## Document Data Capture 
#### Captura de Dados de Documentos

### The objective of this project is — through an agent — to perform the following tasks:

* Extract tables from documents;
* Retrieve documents from a Mongo database;
* Insert tables extracted from documents into an SQLite database;
* Query specific information from tables stored in an SQLite database.

---

### O objetivo deste projeto é — através de um agente — desempenhar as seguintes tarefas:

* Realizar a extração de tabelas de documentos;
* Buscar documentos do bancco de dados Mongo;
* Inserir as tabelas extraídas de documentos em um banco de dados SQLite;
* Consultar informações específicas em tabelas presentes em um banco de dados SQLite.

#### Installation of Libraries
Instalação das Bibliotecas

In [15]:
import os
import base64
import sqlite3
import logging
import pymongo
from langchain.tools import tool
from dataclasses import dataclass
from typing import Callable, List
from bson.objectid import ObjectId
from langgraph.types import Command
from langgraph.runtime import Runtime
from pymongo.synchronous.database import Database
from pymongo.synchronous.collection import Collection
from langchain.agents import AgentState, create_agent
from langchain.tools.tool_node import ToolCallRequest
from langgraph.checkpoint.memory import InMemorySaver
from pymongo.synchronous.mongo_client import MongoClient
from langchain_google_genai import ChatGoogleGenerativeAI
from langchain.messages import RemoveMessage, ToolMessage
from langchain.agents.structured_output import ToolStrategy
from langchain.agents.middleware import wrap_tool_call, after_model

#### Defining Environment Variables and Constants
Definção de Variáveis de Ambiente e Constantes

In [16]:
# API key name
# Nome da chave API
os.environ["GOOGLE_API_KEY"] = "F9lsEaP1k&Y"

# Mongo database name
# Nome do banco de dados Mongo
os.environ["DATABASE_NAME"] = "mongo_database"

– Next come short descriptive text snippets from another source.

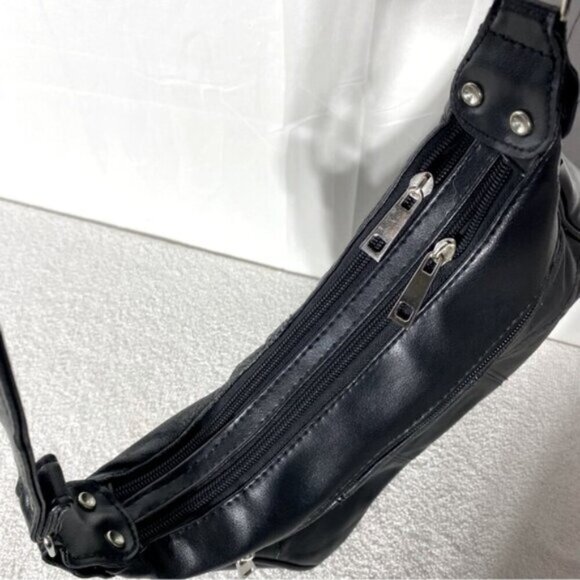 Vintage Bentley Black Leather Purse Shoulder Bag Handbag - Picture 8 of 14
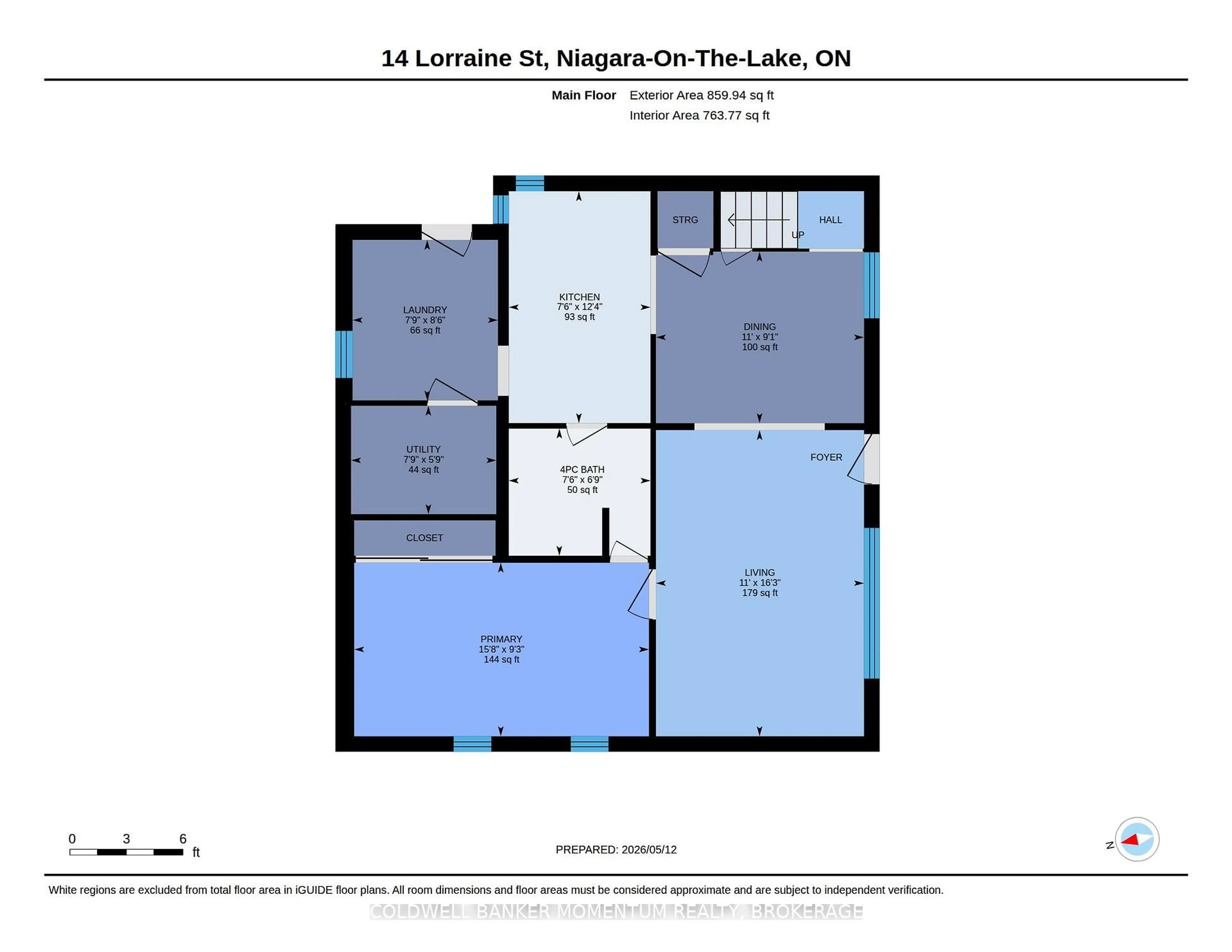 Floor plan for 14 Lorraine St, Niagara-on-the-Lake Ontario L0S 1T0
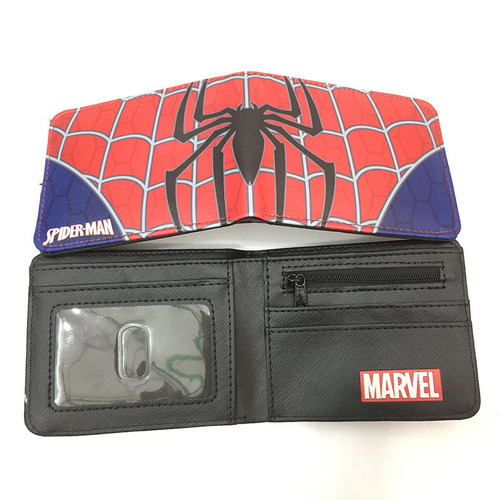 Superhero Series Short Bifold Wallet Teenage Men's Simple Coin Purse Card Holder Wallet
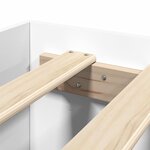 vidaXL Cadre de lit blanc 135x190 cm bois d'ingénierie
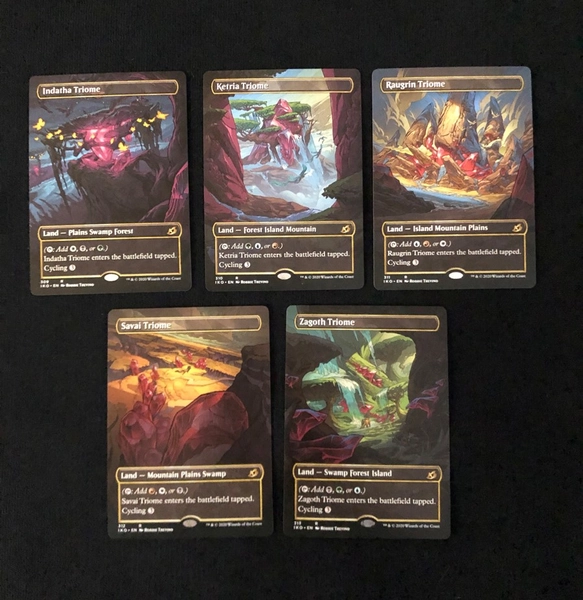 Triome Set (FOIL) - MTG Proxy Ikoria - Proxy King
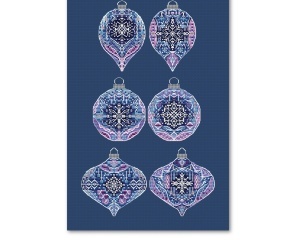Snow Patterns Cross Stitch Pattern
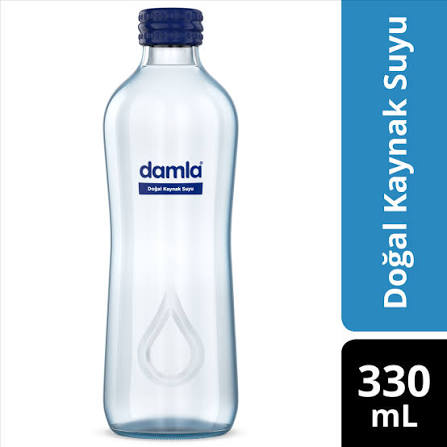 Glass-bottled water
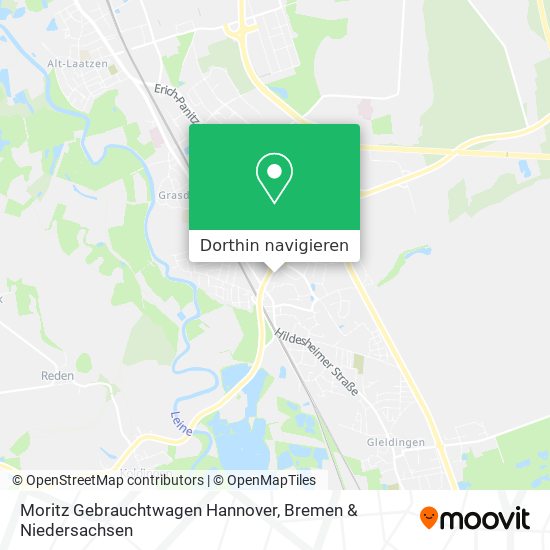 Moritz Gebrauchtwagen Hannover Karte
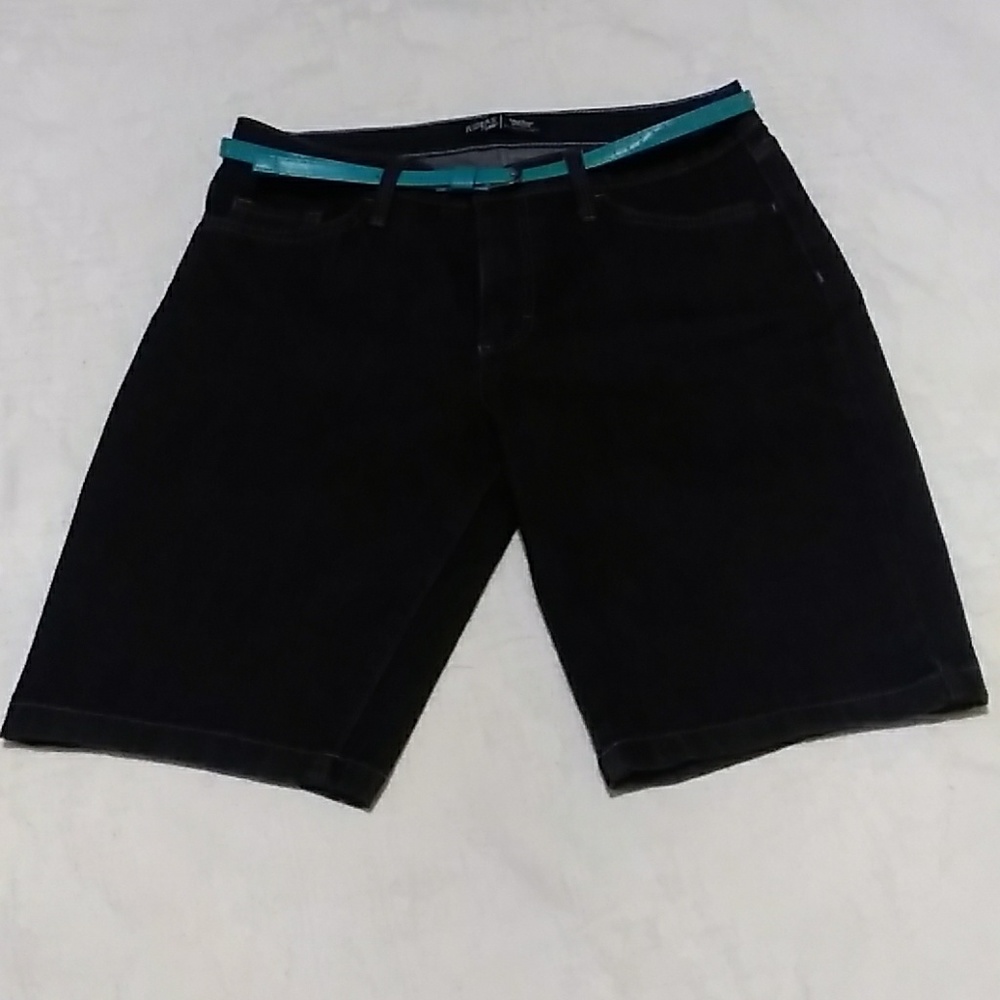 Lee dark denim jean shorts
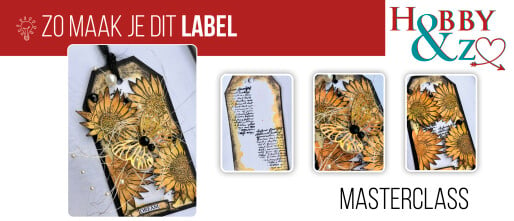 Zonnebloemlabels met Couture Creations en Card Deco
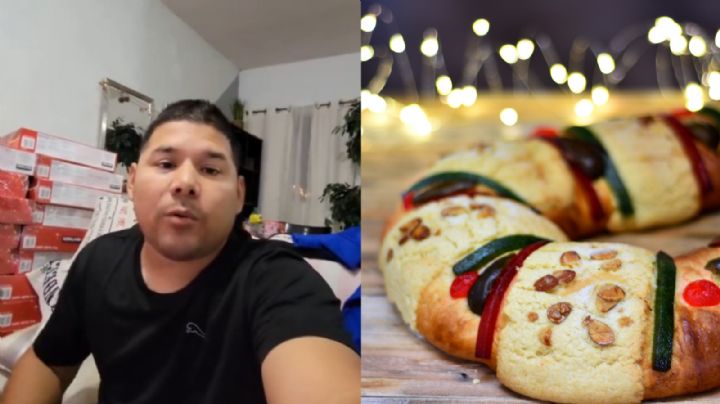 '¿Por qué les duele tanto?'; Revendedor de Roscas de Reyes se defiende en redes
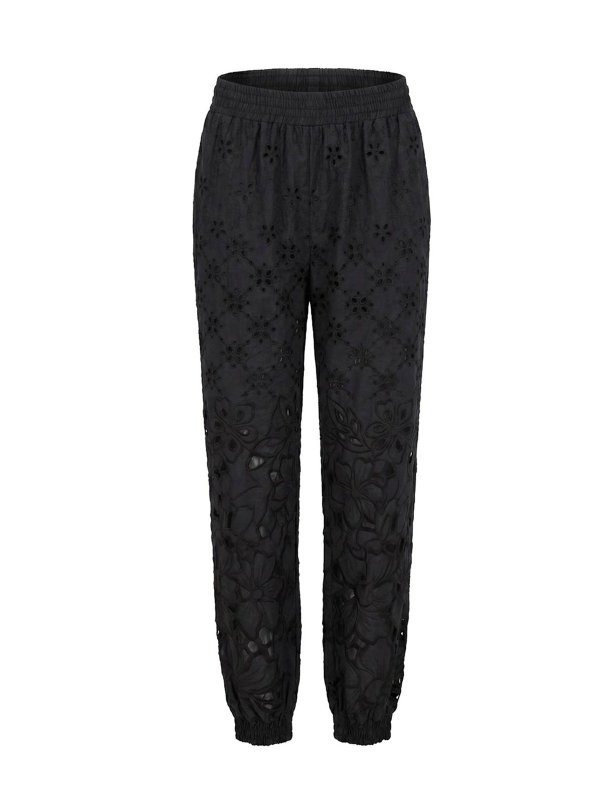 ERMANNO SCERVINO: スウェットパンツ - トラックスーツ ボトムス - 黒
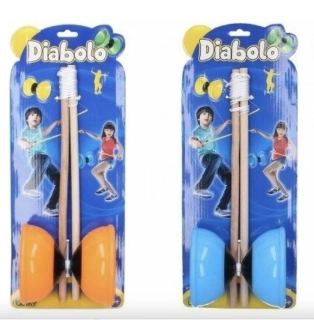Mikro Trading Diabolo 11,5x13cm dřevěné tyčky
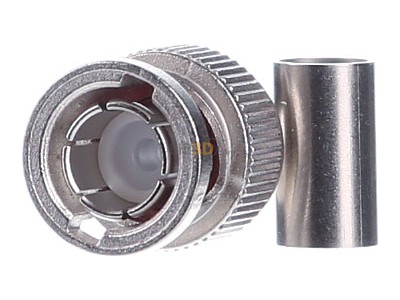 Front view Telegrtner J01002A1288Y BNC plug connector 
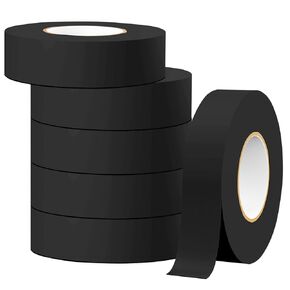 WANBAO 10 Rolls Electrical Tape 0.67 inch x 66ft Waterproof High Temperature Insulation Tape for Home, Automotive, and Industrial Use for Electrical Insulating Wire Wrapping Electrical Protection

# Mongo database collection name
# Nome da coleção do banco de dados Mongo
os.environ["COLLECTION_NAME"] = "mongo_collection"

# Mongo database URI
# URI do banco de dados Mongo
os.environ["MONGO_URI"] = "mongodb://localhost:27017/"

# Path to the file used as the SQLite database
# Caminho do arquivo utilizado como banco de dados SQLite
os.environ["DATABASE_PATH"] = "./essay/databases/langchain_database.db"

In [17]:
# Path to the directory where the PDF files are stored
# Caminho do diretório onde estão armazenados os arquivos em formato PDF
DIR_PATH = "../essay/documents/"

# Agent roles
# Funções do agente
SYSTEM_PROMPT = """

You are an agent specialized in extracting structured data from documents and performing actions on an SQLite database, such as creating tables, inserting information into them, and querying data from tables that already exist.

---

# Available Tools

1. Tool 'create_table_in_the_database': use this tool to create a table in the database based on the data extracted from a document.

Rules:
- You must define the table name according to the context of the data extracted from the document;
- You must define the table column names according to the context of the data extracted from the document;
- Use this tool when the user requests the creation of a table in the database containing the information extracted from the document;
- You must create the SQL command for table creation for an SQLite database, compatible with the syntax of Python's 'sqlite3' library. The SQL command must be written between single quotes.

Inputs:
- sql: SQL command for creating the table (String);

Example:
CREATE TABLE movie(title, year, score)

2. Tool 'inserts_information_into_the_table': use this tool immediately after the 'create_table_in_the_database' tool. The purpose of this tool is to insert information extracted from a document into a newly created table in the database.

Rules:
- Use this tool when the user requests inserting information extracted from a document into the database;
- You must create the SQL command for inserting data into the table previously created in the SQLite database. The SQL command must be written between triple quotes, as a docstring;
- You must respect the order of insertion of the information extracted from the document into the newly created table, maintaining consistency between each column and the data being inserted into it.

Inputs:
- sql: SQL command for inserting information into the table (String in docstring format);

Example:
INSERT INTO movie VALUES
   ('Monty Python and the Holy Grail', 1975, 8.2),
   ('And Now for Something Completely Different', 1971, 7.5)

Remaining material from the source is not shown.